A look behind the veil at what literary agents are thinking and some tips and tricks for writing.
Notes From a Practical Agent
Once you solve the problem of the story, the anxieties of paying the bills seems to evaporate.
There’s a dark shroud that occasionally unfurls to cloak a subdued conversation an author shares with me when his worries weigh heavily on him: “My publisher won’t want another book from me,” the author moans. “I’m out of ideas. I’m going to have to become a substitute teacher. I won’t be able to pay my rent. I will never, ever make it.”
These worries are not limited to new authors or writers with modest advances. As a literary fiction agent I find it’s more often an author with several books published, with contracts “in the bank,” with an audience of long-time readers. Yes, it’s more often these authors – who have enjoyed success – who panic.

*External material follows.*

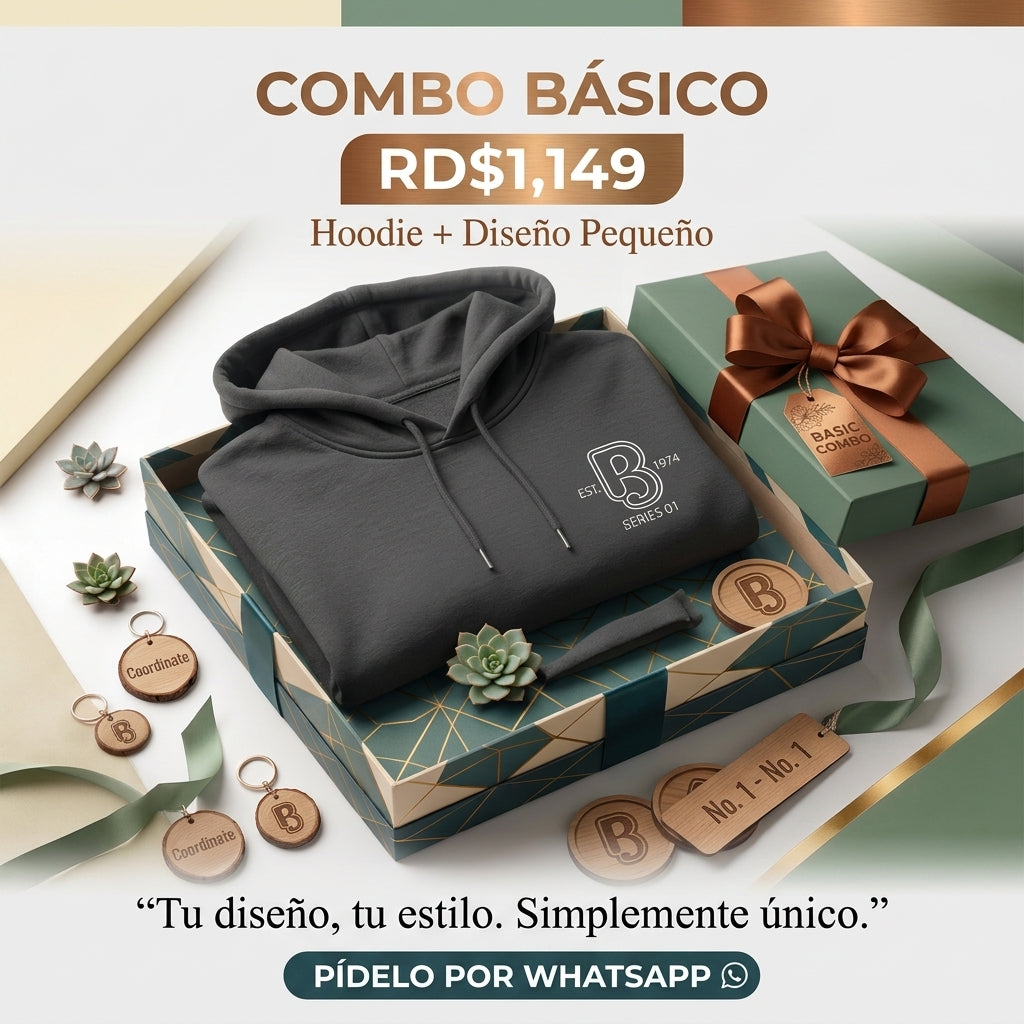 COMBO BASICO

About halfway through the conversation, I say, “You’re catastrophizing again.” And then I insist we examine each bit of evidence that has been presented to me: an editor who didn’t return their call, two negative Amazon book reviews, a (seemingly) curt e-mail from their publisher.
Time and again, what’s really happening is that a writer is stuck (but not in a writer’s block sort of way). Yes, a conversation is needed, but it’s not about readying his application for a job at Walmart. It’s about figuring out where the story begins…or what the book is really about…or changing the setting.

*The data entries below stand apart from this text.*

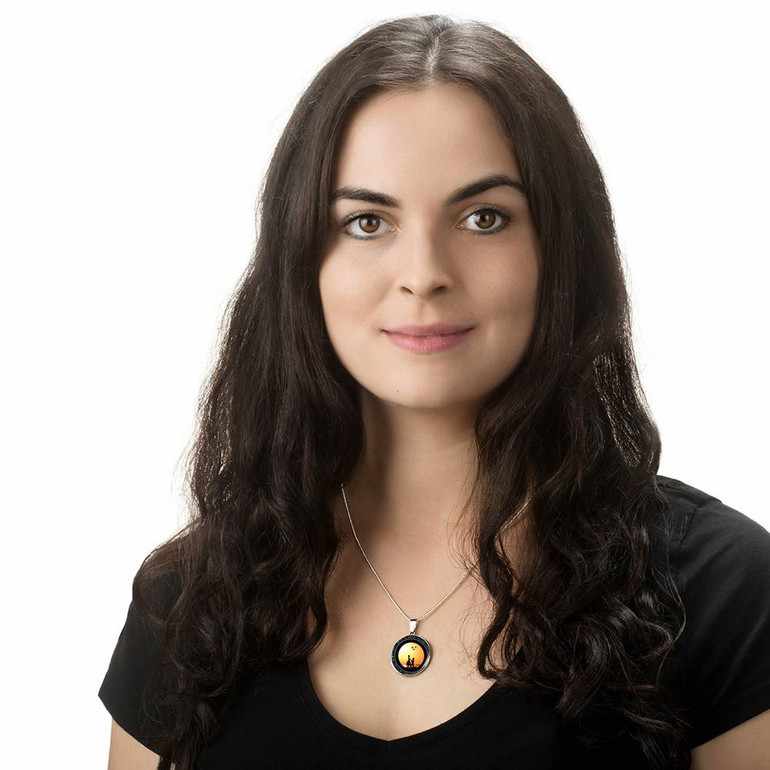 To my wife: amazing wife necklace, wife necklace,to my gorgeous wife, to my wife necklace, birthday gifts for wife, best gifts for wife, my beautiful wife necklace, to my future wife, birthday gifts for her  496fwsn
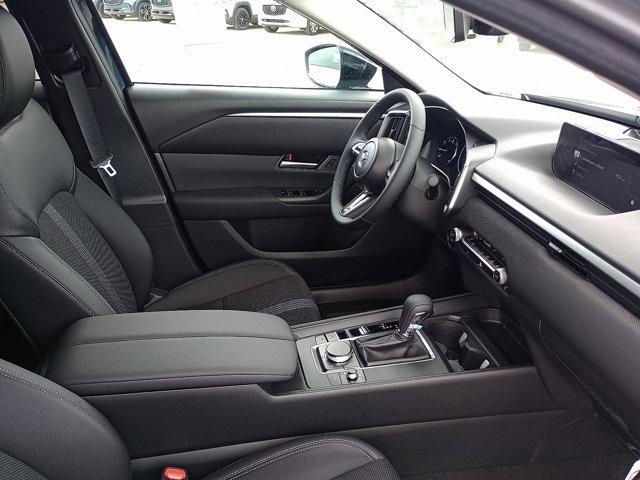 new 2025 Mazda CX-50 car, priced at $33,620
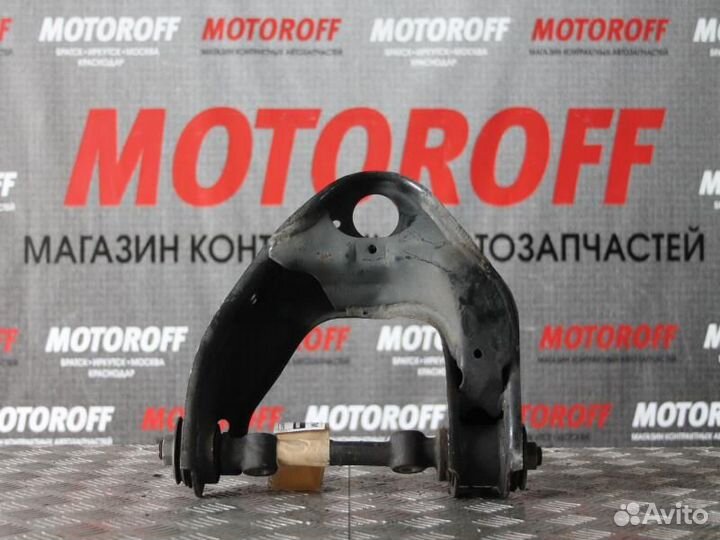 Рычаг передний L Бонго 00 верх 2WD А562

Writers catastrophize when they think they’re trapped. Stories aren’t “real,” but once you solve the problem of the story then the anxieties of paying the bills seems to evaporate, as well.
Notes from being a literary fiction agent: You can’t eliminate anxiety. Writers are narrative-driven folks, and writers feast on stories of failure. Such stories are dramatically satisfying but offer little more to the story writer. But bargain with yourself. Make an appointment with anxiety: between 3:00 and 4:00 PM is a good hour. After you’ve rolled around in the shroud, chop up an onion and make dinner.
Writing a Second Novel (or Third or Fourth) is Notoriously Difficult
Spend four days as your character.
Eat lunch as that character.
Second novel, third novel, fourth novel, the process is the same.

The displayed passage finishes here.